So far, we've discussed kafka's core concepts.
Let's take a look at Kafka's workflow now.
Kafka is just a collection of topics divided into one or more partitions. K
afka partitions are linear, ordered sequences of messages, each of which is identified by their index, called offset. A
ll data in a Kafka cluster is a partition federation that is not connected. T
he incoming message is written at the end of the partition and is read in consumer order.
Provides persistence by copying messages to different agents.
Kafka provides pub-sub- and queue-based messaging systems in a fast, reliable, durable, fault-0200s and zero-downtime manner. I
n both cases, producers simply send messages to the topic, and consumers can choose any type of messaging system based on their needs.
Let's follow the steps in the next section to learn how consumers choose the messaging system of their choice.
Publish - The workflow for subscribing to messages
Here's a step-by-step workflow for Pub-Sub messages -
Producers periodically send messages to topics.
The Kafka agent stores all messages in the partition configured for that particular topic. I
t ensures that messages are shared equally between partitions.
If the producer sends two messages and has two partitions, Kafka stores a message in the first partition and a second message in the second partition.
Consumers subscribe to specific topics.
Once the consumer subscribes to the topic, Kafka will provide the consumer with the current offset of the topic and save the offset in the Zookeeper system.
Consumers will periodically request new messages from Kafka (such as 100 Ms).
Once Kafka receives messages from producers, it forwards them to consumers.
The consumer will receive the message and process it.
Once the message is processed, the consumer sends an acknowledgement to the Kafka agent.
Once Kafka receives confirmation, it changes the offset to the new value and updates it in Zookeeper.
Because the offset is maintained in Zookeeper, consumers can correctly read the next message, even during server violence.
The above process will be repeated until the consumer stops the request.
Consumers can always fall back/jump to the desired topic offset and read all subsequent messages.
The workflow for the queue message/user group
In a queue messaging system instead of a single consumer, a group of consumers with the same group ID subscribes to the topic. S
imply put, consumers who subscribe to topics with the same Group ID are considered a single group, and messages are shared between them.
Let's examine the actual workflow of this system.
Producers send messages to a topic at regular intervals.
Kafka stores all messages in the partition configured for that particular topic, similar to the previous scenario.
A single consumer subscribes to a specific topic, assuming Topic-01 is Group-1.
Kafka interacts with consumers in the same way as publish-subscribe messages until new consumers subscribe to the same topic Topic-01 1 with the same group ID.
Once new consumers arrive, Kafka switches its operations to shared mode and shares data between the two consumers.
This share continues until the number of users reaches the number of partitions configured for that particular topic.

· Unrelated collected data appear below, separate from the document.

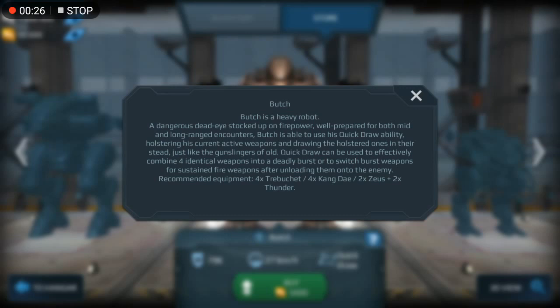Burge is about to use his quickdraw ability — holster his current active weapons and draw the holstered one. Just like a gunslinger. Quickdraw can be used to effectively combine two identical weapons into a burst, or to switch to sustain fire weapons after unloading into the enemy.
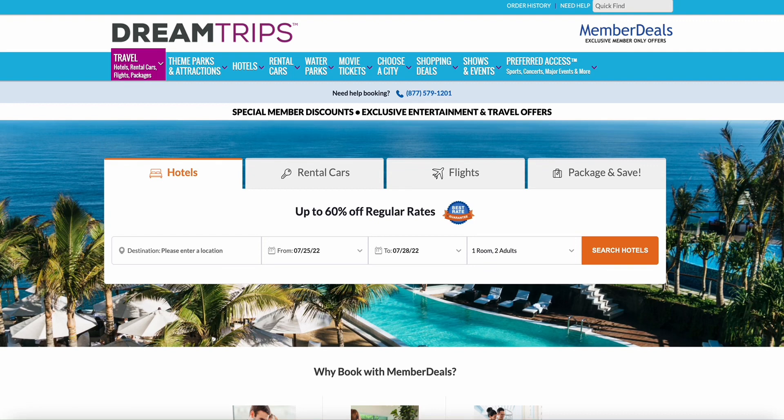What makes the Dream Trips booking portal better than anything else out there? Many companies have a booking portal with daily savings, and normally it comes with hotels, rental cars, and flights — and sometimes you might see some cruises. I'm going to show you where it separates Dream Trips from the rest.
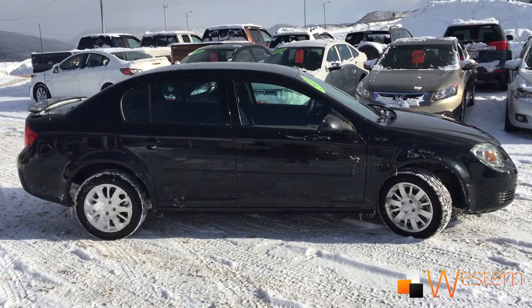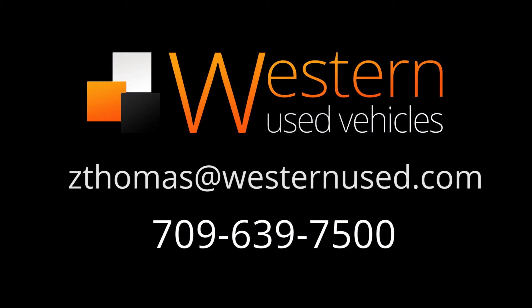If you'd like to take this vehicle for a test drive or you have any questions, please email me at thomas@westernnews.com or call 639-7500. Don't forget, ask for Zach.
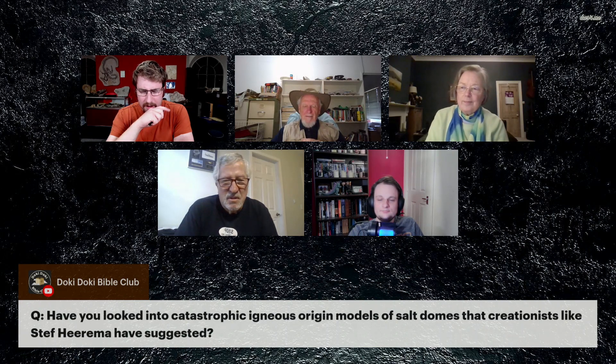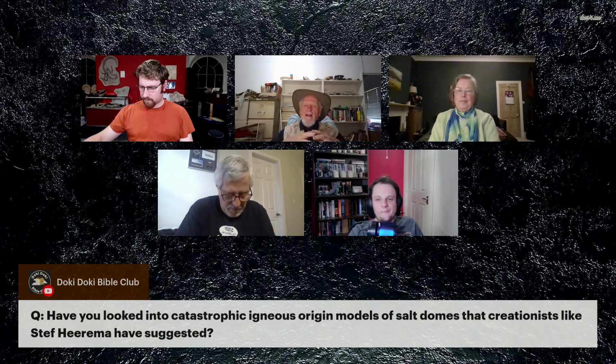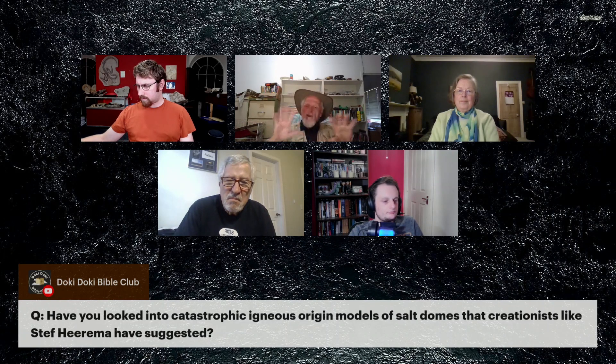Salt and igneous doesn't go together in my head, but I'm not by any means an expert in that. Usually what you'll find here in Australia, we have some big volcanic flows — for example, up on the top of the Toowoomba Range, you'll pass through a huge volcanic rock. But the salt, if you want to use the word in its most generic sense, that pours out of there as you get water flowing through the actual lava, down through the cracks and holes — mostly what comes out is the calcium type salts.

Once the number of consumers exceeds the number of partitions, the new consumer will not receive any further messages until the existing consumer unsubscribes from any one consumer.
This occurs because each consumer in Kafka will be assigned at least one partition, and once all partitions are assigned to existing consumers, new consumers will have to wait.

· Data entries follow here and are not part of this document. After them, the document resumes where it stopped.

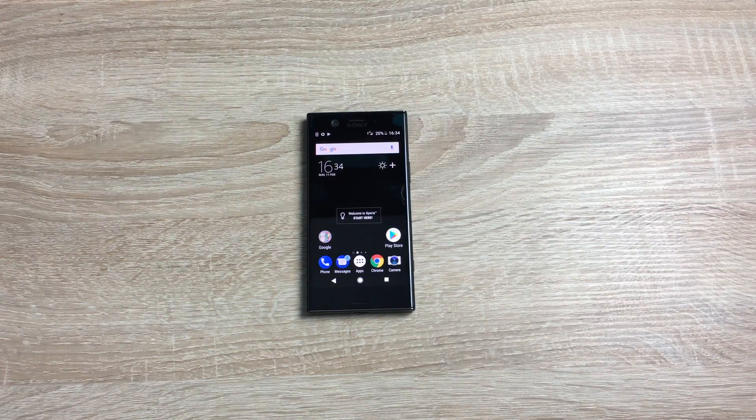Hi everyone, I'm Ricky from TechTalk. As some of you may know, I'm actually registered blind, so in my reviews I like to really dig in deep to the accessibility settings on every device to see how well they are prepped and able to use for all people with a range of disabilities. Today we're going to have a look through the Sony Xperia XZ1 Compact. A massive thank you to Vodafone for sending out this device.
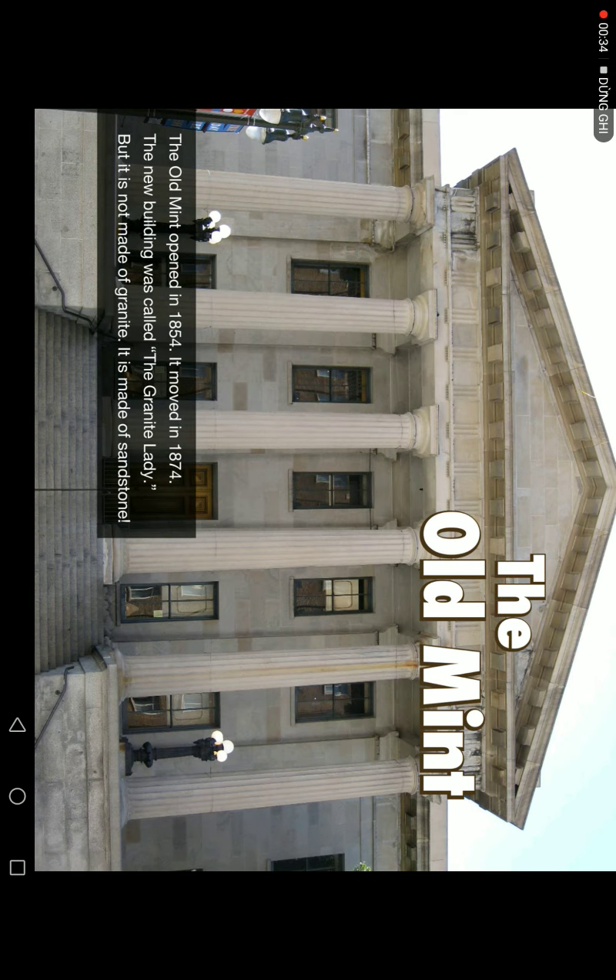The Old Mint opened in 1854. It moved in 1874. The new building was called the Granite Lady. But it is not made of granite — it is made of sandstone.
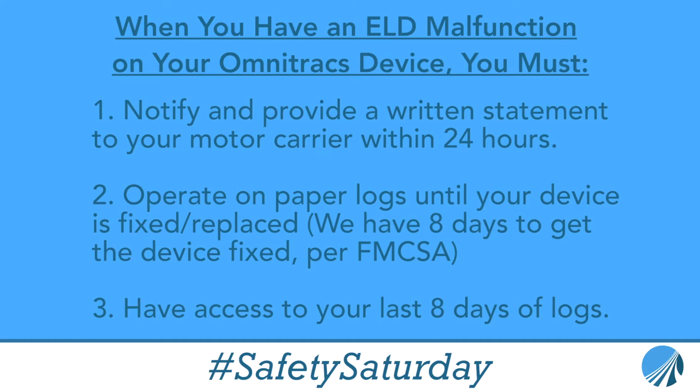We will work with maintenance to get you routed in within the next eight days to a shop or terminal that will be able to fix it, because if you go over the eight days you're at risk of getting written up at roadside for a violation.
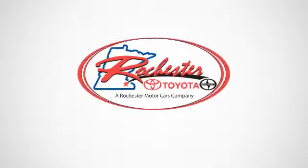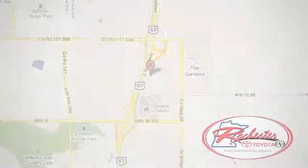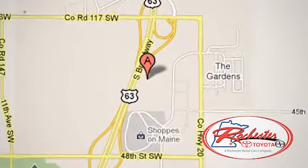Experience the difference at Rochester Toyota Scion. We're conveniently located between 40th Street and 48th Street, Southeast on Highway 63 South in Rochester, Minnesota.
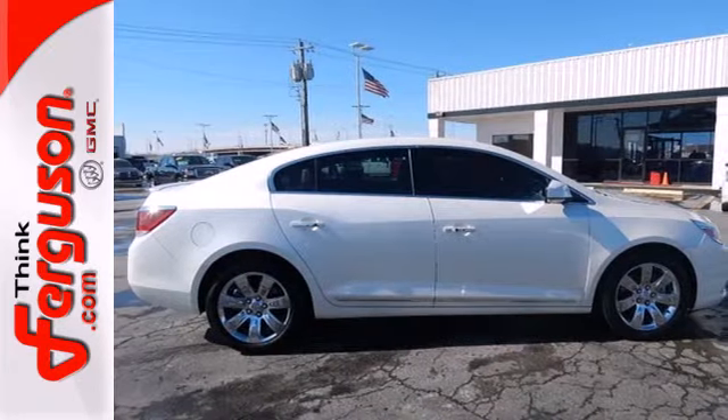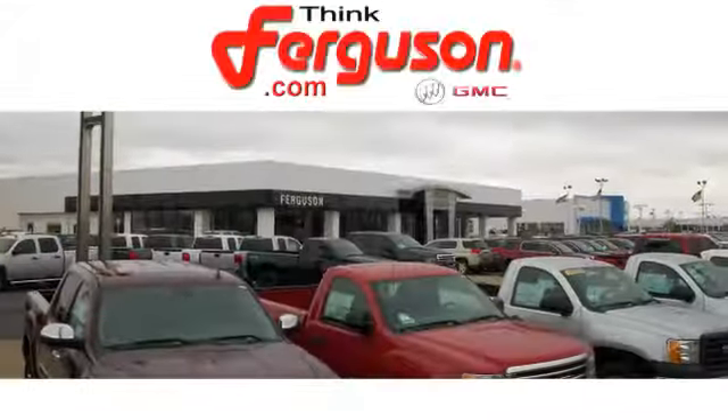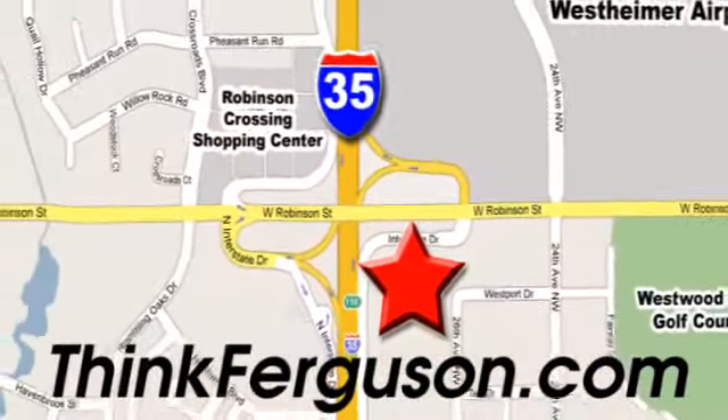You need to see it and drive it to believe it. The deals won't get any better than they are every day at Ferguson Buick GMC. The customer service is great too. We are conveniently located off I-35 and West Robinson Street in Norman, Oklahoma.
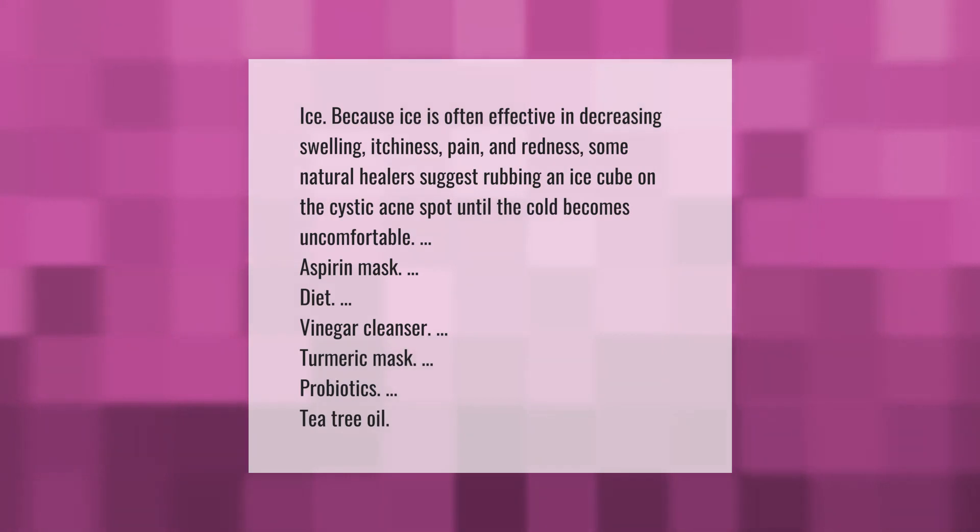Ice is often effective in decreasing swelling, itchiness, pain, and redness. Some natural healers suggest rubbing an ice cube on the cystic acne spot until the cold becomes uncomfortable.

This feature is also known as a consumer group.
Similarly, Kafka offers the best of both systems in a very simple and efficient way.
A key dependency of Apache Kafka is Apache Zookeeper, a distributed configuration and synchronization service. Z
ookeyer is a coordination interface between Kafka agents and consumers. T
he Kafka server shares information through the Zookeeper cluster.

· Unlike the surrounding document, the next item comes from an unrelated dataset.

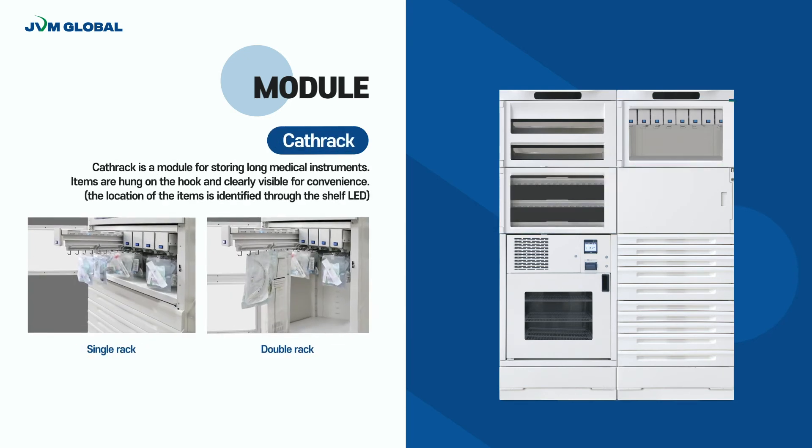Cat-Rec is used to control medical supplies such as injection units, tubes, intravenous drips, and more. There are single type and double type options. The materials are hung on the hook to store, and the medications can be easily dispensed by the authorized user. The location of each item is identified through the LED on the Cat-Rec.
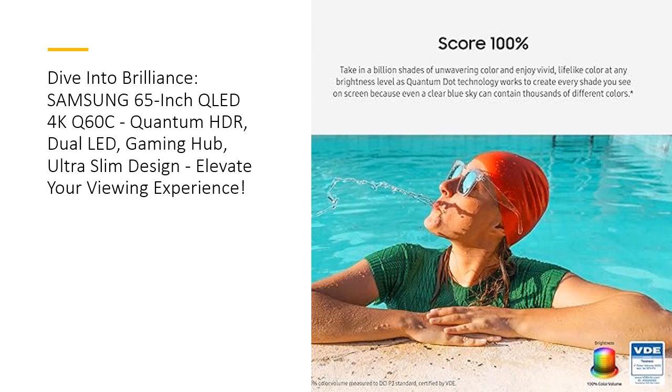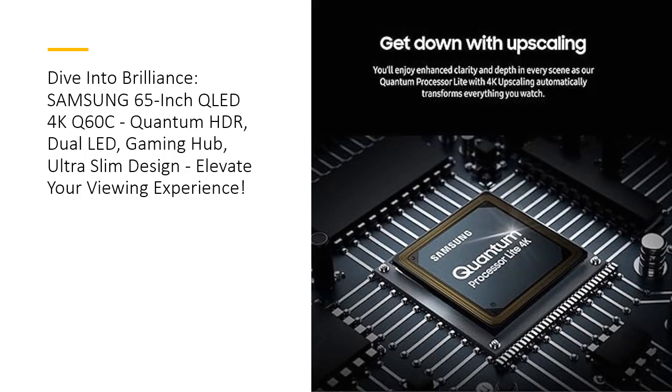The ultra-slim design, practically blending into your wall, enhances the aesthetic of any room. As a beacon of sustainability, the SolarCell Remote, with its solar panel and built-in microphone, not only redefines convenience but also aligns with your eco-friendly lifestyle.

Kafka stores basic metadata in Zookeeper, such as information about topics, agents, consumer offsets (queue readers), and so on.
Because all critical information is stored in Zookeeper, and it typically replicates this data as a whole, the Kafka agent/Zookeyer failure does not affect the state of the Kafka cluster. K
afka will return to state once Zookeeper restarts. T
his brings zero downtime to Kafka.
The leadership election between Kafka agents was also completed by using Zookeyer in the event of a leadership failure.